Transcribe only the lines in the data below falling between the line with "i7 7700k amazon de" and the line with "Ambasada SUA de", including those two lines, and leave out any picture.

### AVAILABLE DATA
◆ ◆ ◆ ◆ ◆ ◆ ◆

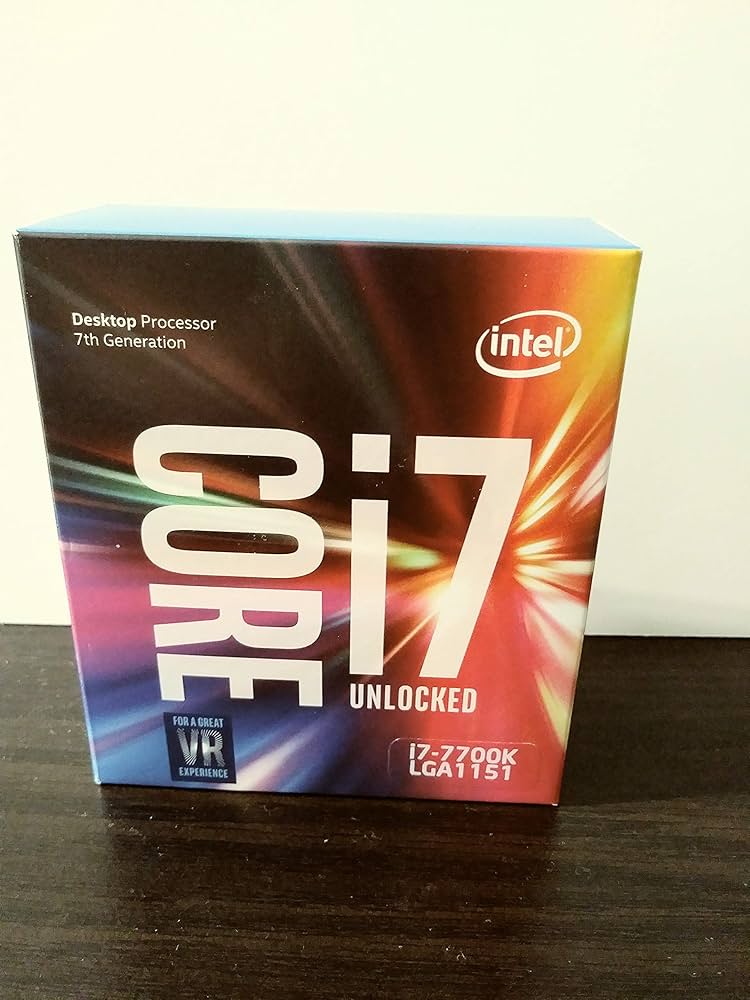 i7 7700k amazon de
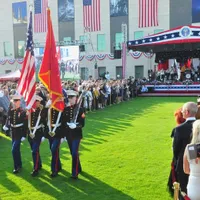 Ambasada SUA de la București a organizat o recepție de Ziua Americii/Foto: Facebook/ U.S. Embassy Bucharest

◆ ◆ ◆ ◆ ◆ ◆ ◆

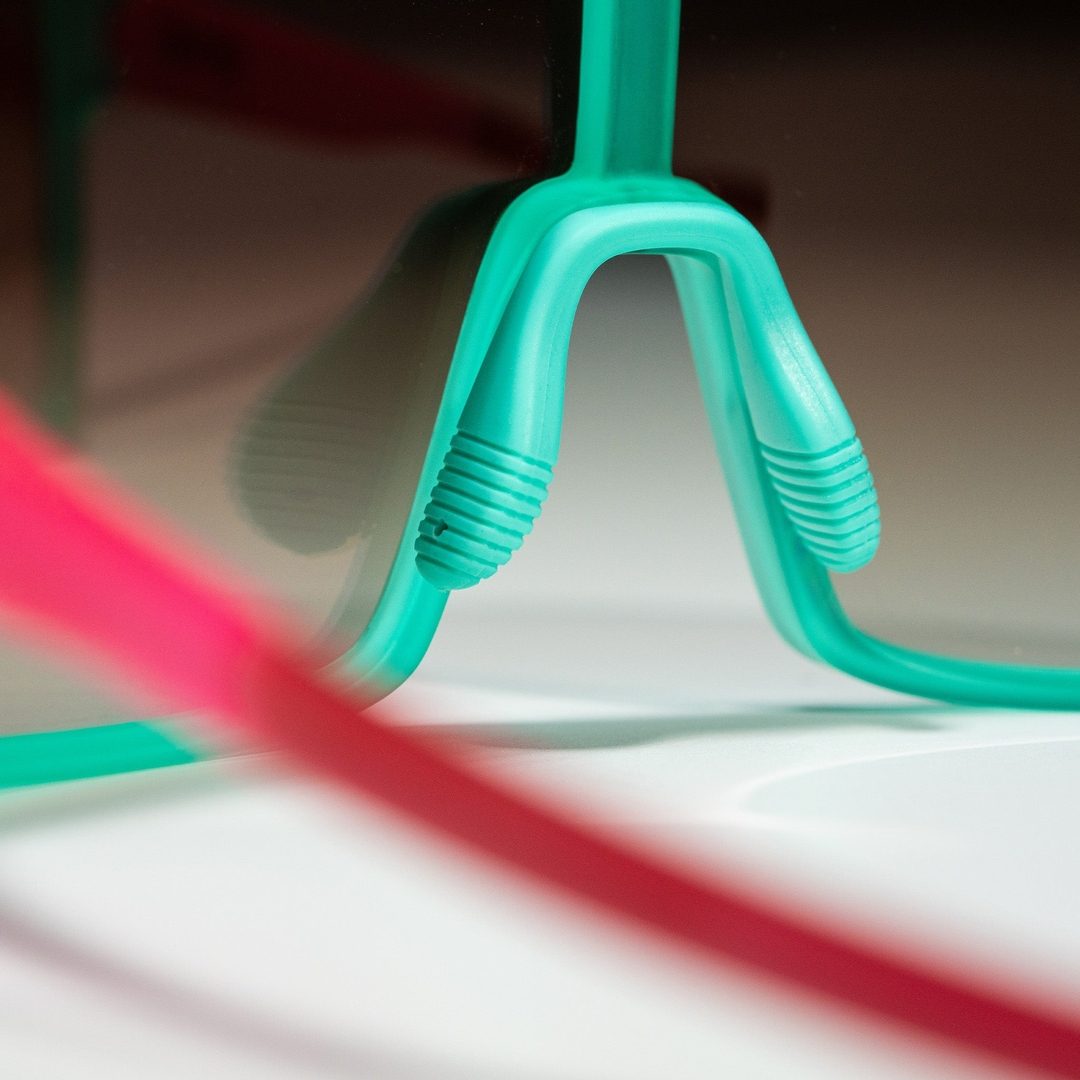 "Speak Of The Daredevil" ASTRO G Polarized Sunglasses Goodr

◆ ◆ ◆ ◆ ◆ ◆ ◆

### ANSWER AREA
 i7 7700k amazon de
 Ambasada SUA de la București a organizat o recepție de Ziua Americii/Foto: Facebook/ U.S. Embassy Bucharest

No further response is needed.